*** Opening Supplied records ***

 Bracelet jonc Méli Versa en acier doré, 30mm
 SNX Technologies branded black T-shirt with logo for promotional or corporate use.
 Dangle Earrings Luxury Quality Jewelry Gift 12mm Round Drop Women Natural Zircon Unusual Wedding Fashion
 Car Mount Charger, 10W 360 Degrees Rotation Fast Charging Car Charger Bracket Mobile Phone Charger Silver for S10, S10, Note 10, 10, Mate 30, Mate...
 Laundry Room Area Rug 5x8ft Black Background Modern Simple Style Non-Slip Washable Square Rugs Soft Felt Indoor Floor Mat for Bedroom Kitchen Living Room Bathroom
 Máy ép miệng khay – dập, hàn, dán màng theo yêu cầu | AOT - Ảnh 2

*** Closing Supplied records ***
*** Opening Supplied records ***

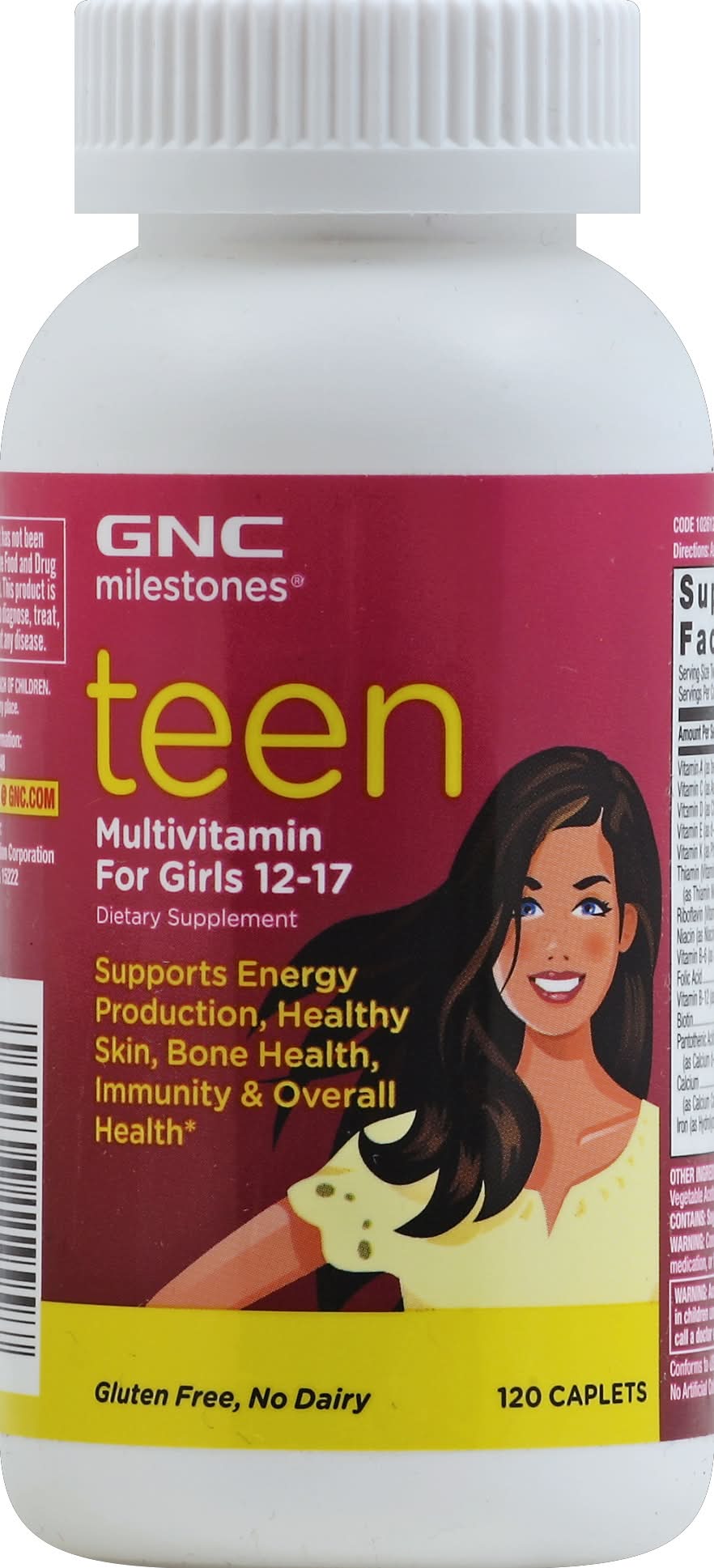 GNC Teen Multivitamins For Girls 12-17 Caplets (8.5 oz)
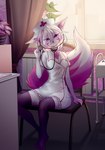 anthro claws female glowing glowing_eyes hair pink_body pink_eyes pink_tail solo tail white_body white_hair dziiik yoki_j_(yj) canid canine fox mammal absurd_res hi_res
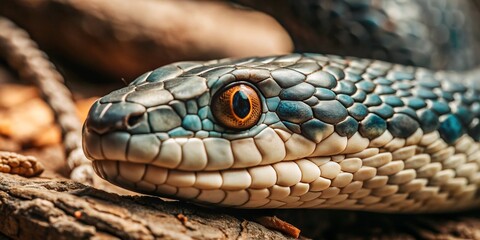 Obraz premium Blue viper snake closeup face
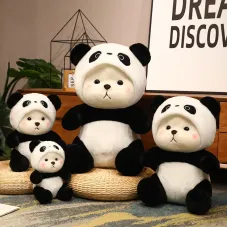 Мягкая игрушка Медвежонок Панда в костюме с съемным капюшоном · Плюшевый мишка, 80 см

*** Closing Supplied records ***
*** Opening Supplied records ***

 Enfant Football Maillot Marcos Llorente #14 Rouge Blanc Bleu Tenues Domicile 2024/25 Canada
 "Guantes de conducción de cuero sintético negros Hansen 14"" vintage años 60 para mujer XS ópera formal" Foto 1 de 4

*** Closing Supplied records ***

[Problem to solve]
In the listing above, start at the line with "Bracelet jonc Méli Versa en acier doré, 30mm", go on through the line with "Máy ép miệng", and copy each of those lines exactly; leave out all the rest.

[Response for this exercise]
 Bracelet jonc Méli Versa en acier doré, 30mm
 SNX Technologies branded black T-shirt with logo for promotional or corporate use.
 Dangle Earrings Luxury Quality Jewelry Gift 12mm Round Drop Women Natural Zircon Unusual Wedding Fashion
 Car Mount Charger, 10W 360 Degrees Rotation Fast Charging Car Charger Bracket Mobile Phone Charger Silver for S10, S10, Note 10, 10, Mate 30, Mate...
 Laundry Room Area Rug 5x8ft Black Background Modern Simple Style Non-Slip Washable Square Rugs Soft Felt Indoor Floor Mat for Bedroom Kitchen Living Room Bathroom
 Máy ép miệng khay – dập, hàn, dán màng theo yêu cầu | AOT - Ảnh 2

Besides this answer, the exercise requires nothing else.